> _What is required_: Beginning at the line containing "EMERY ROSE Women's" and continuing to the end of the records below, give each line again exactly as it stands, and only those lines.

> _Working data_:
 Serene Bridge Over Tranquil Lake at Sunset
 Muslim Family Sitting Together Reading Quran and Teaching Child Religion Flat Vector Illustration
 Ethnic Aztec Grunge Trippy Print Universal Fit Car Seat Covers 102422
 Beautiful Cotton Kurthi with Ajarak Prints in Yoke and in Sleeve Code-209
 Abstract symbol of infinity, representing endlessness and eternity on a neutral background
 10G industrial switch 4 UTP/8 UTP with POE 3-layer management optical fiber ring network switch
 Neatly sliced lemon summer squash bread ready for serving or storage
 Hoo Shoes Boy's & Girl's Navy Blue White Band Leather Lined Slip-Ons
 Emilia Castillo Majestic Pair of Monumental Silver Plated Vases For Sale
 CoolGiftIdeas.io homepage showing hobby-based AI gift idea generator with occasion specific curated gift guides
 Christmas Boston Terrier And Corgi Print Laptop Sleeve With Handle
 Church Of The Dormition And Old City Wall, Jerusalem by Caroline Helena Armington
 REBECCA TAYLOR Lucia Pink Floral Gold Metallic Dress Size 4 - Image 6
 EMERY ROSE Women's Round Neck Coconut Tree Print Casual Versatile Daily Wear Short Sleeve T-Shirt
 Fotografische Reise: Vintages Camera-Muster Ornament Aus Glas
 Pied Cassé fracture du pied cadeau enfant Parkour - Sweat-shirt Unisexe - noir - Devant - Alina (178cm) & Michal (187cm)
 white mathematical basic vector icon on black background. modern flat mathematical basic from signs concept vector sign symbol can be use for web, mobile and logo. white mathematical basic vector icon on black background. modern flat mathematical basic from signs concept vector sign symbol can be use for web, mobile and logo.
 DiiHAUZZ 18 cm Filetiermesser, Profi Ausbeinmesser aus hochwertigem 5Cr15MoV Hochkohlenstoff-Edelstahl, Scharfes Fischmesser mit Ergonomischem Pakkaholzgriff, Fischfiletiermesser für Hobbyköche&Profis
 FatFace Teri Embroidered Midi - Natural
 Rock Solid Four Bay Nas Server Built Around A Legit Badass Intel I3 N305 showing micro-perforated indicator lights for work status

> _Answer section_:
 EMERY ROSE Women's Round Neck Coconut Tree Print Casual Versatile Daily Wear Short Sleeve T-Shirt
 Fotografische Reise: Vintages Camera-Muster Ornament Aus Glas
 Pied Cassé fracture du pied cadeau enfant Parkour - Sweat-shirt Unisexe - noir - Devant - Alina (178cm) & Michal (187cm)
 white mathematical basic vector icon on black background. modern flat mathematical basic from signs concept vector sign symbol can be use for web, mobile and logo. white mathematical basic vector icon on black background. modern flat mathematical basic from signs concept vector sign symbol can be use for web, mobile and logo.
 DiiHAUZZ 18 cm Filetiermesser, Profi Ausbeinmesser aus hochwertigem 5Cr15MoV Hochkohlenstoff-Edelstahl, Scharfes Fischmesser mit Ergonomischem Pakkaholzgriff, Fischfiletiermesser für Hobbyköche&Profis
 FatFace Teri Embroidered Midi - Natural
 Rock Solid Four Bay Nas Server Built Around A Legit Badass Intel I3 N305 showing micro-perforated indicator lights for work status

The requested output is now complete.